Start of TASK DATA

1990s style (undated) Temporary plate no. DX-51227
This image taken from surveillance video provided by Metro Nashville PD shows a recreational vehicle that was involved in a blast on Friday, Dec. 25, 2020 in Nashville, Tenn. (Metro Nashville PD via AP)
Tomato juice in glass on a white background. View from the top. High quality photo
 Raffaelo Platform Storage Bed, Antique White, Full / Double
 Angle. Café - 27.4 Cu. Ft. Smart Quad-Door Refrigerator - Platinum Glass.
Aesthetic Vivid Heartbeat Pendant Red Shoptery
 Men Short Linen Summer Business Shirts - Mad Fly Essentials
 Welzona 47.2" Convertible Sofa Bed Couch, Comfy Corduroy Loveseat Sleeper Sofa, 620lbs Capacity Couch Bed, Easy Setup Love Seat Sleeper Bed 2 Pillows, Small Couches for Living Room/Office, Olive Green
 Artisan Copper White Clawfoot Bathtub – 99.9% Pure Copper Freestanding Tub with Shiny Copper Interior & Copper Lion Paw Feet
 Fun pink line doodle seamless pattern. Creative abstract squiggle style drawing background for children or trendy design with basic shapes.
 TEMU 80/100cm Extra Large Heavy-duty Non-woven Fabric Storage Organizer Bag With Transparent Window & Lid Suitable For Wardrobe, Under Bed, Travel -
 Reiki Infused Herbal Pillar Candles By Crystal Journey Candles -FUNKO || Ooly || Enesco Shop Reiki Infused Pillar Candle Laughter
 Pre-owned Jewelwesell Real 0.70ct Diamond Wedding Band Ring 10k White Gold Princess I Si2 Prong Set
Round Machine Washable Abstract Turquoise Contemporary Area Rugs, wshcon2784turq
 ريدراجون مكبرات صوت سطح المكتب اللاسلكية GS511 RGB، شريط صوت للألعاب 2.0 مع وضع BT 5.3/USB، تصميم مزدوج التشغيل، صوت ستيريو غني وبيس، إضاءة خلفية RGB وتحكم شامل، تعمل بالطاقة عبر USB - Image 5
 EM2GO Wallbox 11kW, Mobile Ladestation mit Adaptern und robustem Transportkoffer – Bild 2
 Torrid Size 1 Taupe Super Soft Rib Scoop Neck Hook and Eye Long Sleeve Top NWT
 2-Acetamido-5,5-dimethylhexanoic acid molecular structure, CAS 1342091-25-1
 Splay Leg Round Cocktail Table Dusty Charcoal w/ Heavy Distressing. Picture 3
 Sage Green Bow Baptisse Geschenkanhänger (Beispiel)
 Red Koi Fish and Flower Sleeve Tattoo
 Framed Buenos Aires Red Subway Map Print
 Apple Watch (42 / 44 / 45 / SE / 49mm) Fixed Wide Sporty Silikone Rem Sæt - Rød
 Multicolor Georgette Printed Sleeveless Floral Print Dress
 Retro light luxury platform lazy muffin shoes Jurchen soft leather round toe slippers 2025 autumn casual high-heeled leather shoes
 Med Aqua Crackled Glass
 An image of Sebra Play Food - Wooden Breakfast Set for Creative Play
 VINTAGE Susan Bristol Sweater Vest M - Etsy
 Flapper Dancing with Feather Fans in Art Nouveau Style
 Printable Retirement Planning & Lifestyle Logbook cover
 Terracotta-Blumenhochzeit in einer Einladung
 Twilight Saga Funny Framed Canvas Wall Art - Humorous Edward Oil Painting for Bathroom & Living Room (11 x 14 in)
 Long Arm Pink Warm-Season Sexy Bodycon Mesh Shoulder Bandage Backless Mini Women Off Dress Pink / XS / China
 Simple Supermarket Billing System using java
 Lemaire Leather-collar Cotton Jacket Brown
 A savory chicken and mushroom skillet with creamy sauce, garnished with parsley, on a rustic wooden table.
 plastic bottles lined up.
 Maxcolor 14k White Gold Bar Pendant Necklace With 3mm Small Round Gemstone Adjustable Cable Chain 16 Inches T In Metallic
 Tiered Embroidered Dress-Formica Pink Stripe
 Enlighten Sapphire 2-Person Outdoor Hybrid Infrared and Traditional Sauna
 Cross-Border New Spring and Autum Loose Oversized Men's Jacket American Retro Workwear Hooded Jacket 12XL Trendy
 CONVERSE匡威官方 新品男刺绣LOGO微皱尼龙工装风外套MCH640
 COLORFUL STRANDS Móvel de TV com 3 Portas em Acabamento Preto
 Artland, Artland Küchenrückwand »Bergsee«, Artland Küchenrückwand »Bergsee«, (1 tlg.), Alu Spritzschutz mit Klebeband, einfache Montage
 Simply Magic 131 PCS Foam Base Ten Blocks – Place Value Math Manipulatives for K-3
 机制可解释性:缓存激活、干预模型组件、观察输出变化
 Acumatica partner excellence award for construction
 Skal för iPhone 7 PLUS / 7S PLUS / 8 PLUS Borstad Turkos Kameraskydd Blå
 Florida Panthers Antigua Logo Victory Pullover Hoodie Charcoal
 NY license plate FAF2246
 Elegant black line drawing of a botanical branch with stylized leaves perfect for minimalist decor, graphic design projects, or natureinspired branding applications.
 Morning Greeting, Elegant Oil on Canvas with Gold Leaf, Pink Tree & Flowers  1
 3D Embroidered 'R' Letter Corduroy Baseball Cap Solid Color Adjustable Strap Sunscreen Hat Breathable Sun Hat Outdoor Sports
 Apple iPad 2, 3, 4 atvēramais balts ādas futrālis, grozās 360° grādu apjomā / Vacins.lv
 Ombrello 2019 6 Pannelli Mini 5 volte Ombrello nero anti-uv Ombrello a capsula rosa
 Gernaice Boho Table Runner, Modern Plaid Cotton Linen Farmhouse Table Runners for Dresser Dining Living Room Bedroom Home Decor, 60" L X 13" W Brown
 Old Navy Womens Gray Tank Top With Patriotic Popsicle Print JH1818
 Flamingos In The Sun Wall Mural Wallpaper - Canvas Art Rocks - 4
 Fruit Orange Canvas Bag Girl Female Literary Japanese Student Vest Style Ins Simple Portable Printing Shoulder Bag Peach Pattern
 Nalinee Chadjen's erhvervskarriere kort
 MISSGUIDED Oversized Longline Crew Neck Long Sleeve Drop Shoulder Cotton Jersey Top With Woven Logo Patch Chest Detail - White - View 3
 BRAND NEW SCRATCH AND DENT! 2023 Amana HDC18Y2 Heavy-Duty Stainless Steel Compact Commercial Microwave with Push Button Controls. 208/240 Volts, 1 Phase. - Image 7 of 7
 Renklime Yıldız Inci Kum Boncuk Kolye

End of TASK DATA

Look above for the line with "plastic bottles lined up."; retype exactly that line, every line after it up to the line with "Ombrello 2019 6", and that line too, nothing else.

§ **EXERCISE RESPONSE**
 plastic bottles lined up.
 Maxcolor 14k White Gold Bar Pendant Necklace With 3mm Small Round Gemstone Adjustable Cable Chain 16 Inches T In Metallic
 Tiered Embroidered Dress-Formica Pink Stripe
 Enlighten Sapphire 2-Person Outdoor Hybrid Infrared and Traditional Sauna
 Cross-Border New Spring and Autum Loose Oversized Men's Jacket American Retro Workwear Hooded Jacket 12XL Trendy
 CONVERSE匡威官方 新品男刺绣LOGO微皱尼龙工装风外套MCH640
 COLORFUL STRANDS Móvel de TV com 3 Portas em Acabamento Preto
 Artland, Artland Küchenrückwand »Bergsee«, Artland Küchenrückwand »Bergsee«, (1 tlg.), Alu Spritzschutz mit Klebeband, einfache Montage
 Simply Magic 131 PCS Foam Base Ten Blocks – Place Value Math Manipulatives for K-3
 机制可解释性:缓存激活、干预模型组件、观察输出变化
 Acumatica partner excellence award for construction
 Skal för iPhone 7 PLUS / 7S PLUS / 8 PLUS Borstad Turkos Kameraskydd Blå
 Florida Panthers Antigua Logo Victory Pullover Hoodie Charcoal
 NY license plate FAF2246
 Elegant black line drawing of a botanical branch with stylized leaves perfect for minimalist decor, graphic design projects, or natureinspired branding applications.
 Morning Greeting, Elegant Oil on Canvas with Gold Leaf, Pink Tree & Flowers  1
 3D Embroidered 'R' Letter Corduroy Baseball Cap Solid Color Adjustable Strap Sunscreen Hat Breathable Sun Hat Outdoor Sports
 Apple iPad 2, 3, 4 atvēramais balts ādas futrālis, grozās 360° grādu apjomā / Vacins.lv
 Ombrello 2019 6 Pannelli Mini 5 volte Ombrello nero anti-uv Ombrello a capsula rosa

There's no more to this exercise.